We delve into how artists and thinkers of the Renaissance thought about originality differently than we do, and how they believed that imitating and even copying the work of others can actually help you find your own voice. And we discuss how Shakespeare sonnets demonstrate the way in which constraints can counter intuitively enable creativity. And we end our conversation with how you can incorporate Renaissance thinking into your day-to-day life. After the show’s over, check out our show notes at aom.io/renaissancethinking. Scott joins me now via clearcast.io.

Alright, Scott Newstok, welcome to the show.

Scott Newstok: Thanks for having me, Brett.

Brett McKay: So you got a book called How to Think Like Shakespeare: Lessons from a Renaissance Education. This is a really fun book, you take a look back at the education that William Shakespeare likely got and how that education shaped his thinking and his world view and lessons and insights we can take from that for us modern folks. And you begin the book sort of, I don’t know, bemoaning or sort of criticizing our education system we have today. You are an educator yourself, you teach. As a teacher from where you’re standing, what do you see… What are we lacking in our education and what do you think where our modern education system falls short?
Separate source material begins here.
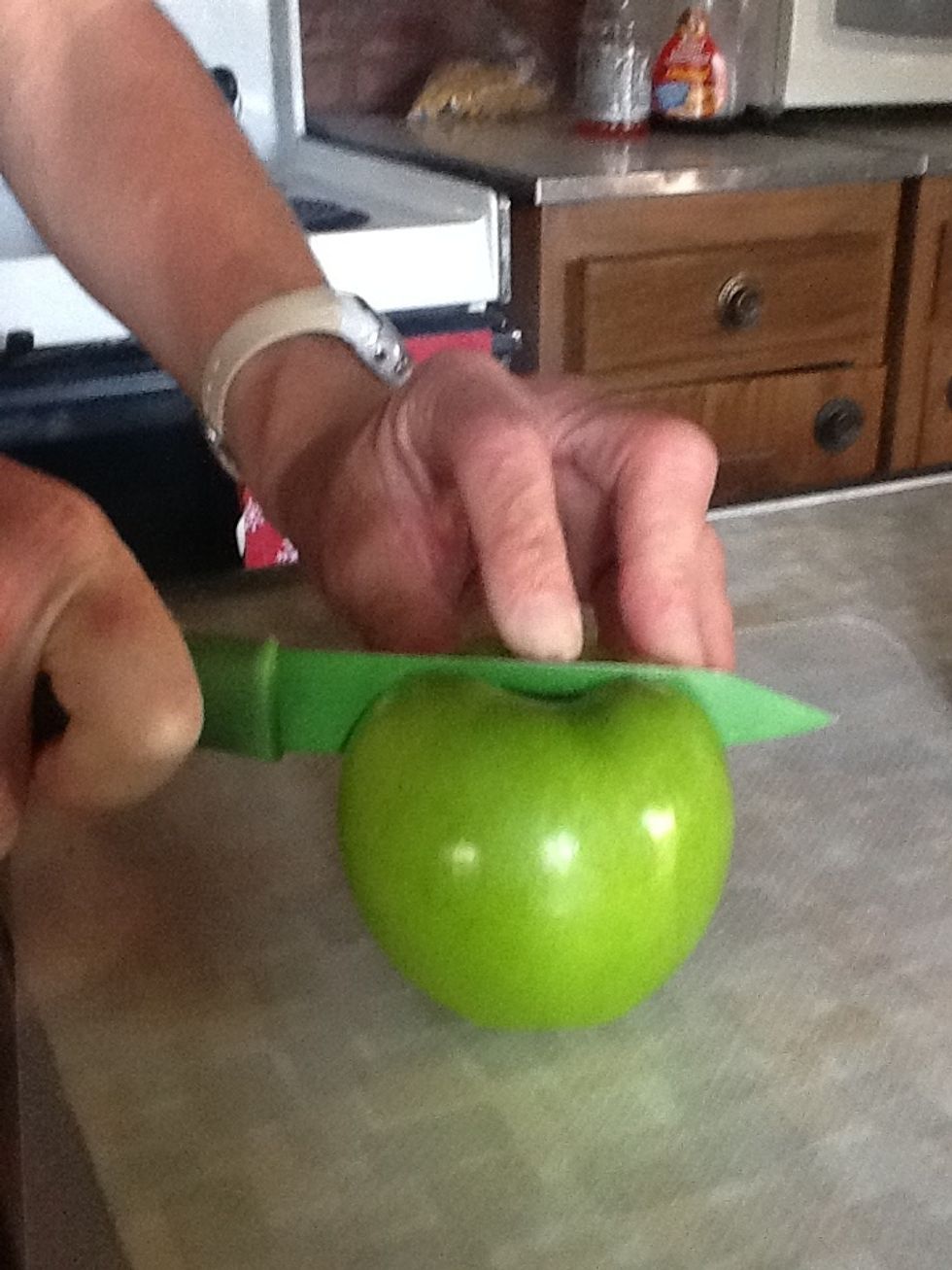 Now it's time to cut the apple. Start by cutting it in half. Make sure your mom (or dad) helps with the cutting.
Scott Newstok: Well, I should begin with a caveat that every teacher thinks that things were better in a previous generation [chuckle] when they were coming up through the school system, so I’m cautious about too much bemoaning, but I do think… I do think I’m not alone in saying that a kind of pivot that we’ve had in the last couple of decades, at least in the United States educational system, and from what I hear from colleagues abroad, I think this is a global phenomenon, is a pivot to… I don’t know, a form of education that’s fixated on testing and the kind of poor dynamics that emerge from a fixation on testing, which leads often to teaching to the test or feeling like you’re just doing this for the sake of doing it so you can pass the test to get to the next level, rather than thinking about this education as worthy unto itself and exciting and valuable and something that will in the long run contribute to your human flourishing and your independence of thought and autonomy as a human being.

So, I know those are kind of grandiose and ambitious goals, but they are long-standing good goals, and I think goals that we would all like to subscribe to as citizens in a flourishing democracy. So, I guess there are a number of things that I think have led to that transition or that pivot in the last couple of decades to fixating more on short-term goals or short-term ends, which unfortunately lead to cutting off the long-term or the more ambitious visions of education that again, I think many of us would agree to if you articulated them in that way.

Brett McKay: So, you’re a college professor, right?

Scott Newstok: That’s right, though I do also teach at multiple different levels, whether I’m tutoring in grade schools or giving visiting lectures in high schools or teaching in prison, so I teach a wide range of audiences. But yes, my formal position is teaching at the post-secondary level.

Brett McKay: Well, I’m curious, how have you seen students change on a… This is gonna be hard to measure ’cause this is sort of subjective, but a qualitative measure, as you’ve seen students who’ve gone through this process, they’ve… They’ve gone through the public education system where there’s been emphasis on standardized testing and getting AP scores and study for the SAT, where that’s been the focus. Have you seen how students approach learning, has that changed or their approach towards thinking, have you seen that change in the classroom when you interact with them?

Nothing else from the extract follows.